Others seem to think we can still repurpose the field for better ends. And that other types of Kunstbegriff would allow us to redefine the forms of governance we are partaking in currently. What would an art look like that is not as cynical and exploitative? What sonics of intelligence would apply? Which structures of support are required? STATECRAFT aims for pragmatic answers to this rather dramatic set of questions.

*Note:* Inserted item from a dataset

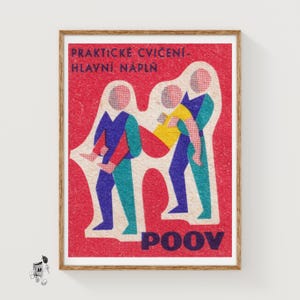 Practical Exercise - Matchbox Print - Aesthetic Wall Art - Vintage Eastern Europe Art - Matchbox Wall Poster - Vintage Poster Print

STATECRAFT features closed-door workshops as well as a public program. The latter will include choice selections from the web TV channel realty-v, an artist commission by Christopher Roth, featuring propagandistic vignettes, theoretical pictures, and archival materials.

 

REALTY is curated by Tirdad Zolghadr and supported by KW and the Sommerakademie Paul Klee Bern. So far, the program has taken the shape of public events, a university seminar, artist commissions, semi-formal working groups and a research stipend. While STATECRAFT anticipates imminent moments of art-ontological change, SPACECRAFT is a REALTY conference a few days prior – 8 to 13 November – focusing on corresponding co-ownership and cross-financialization strategies for the here and now.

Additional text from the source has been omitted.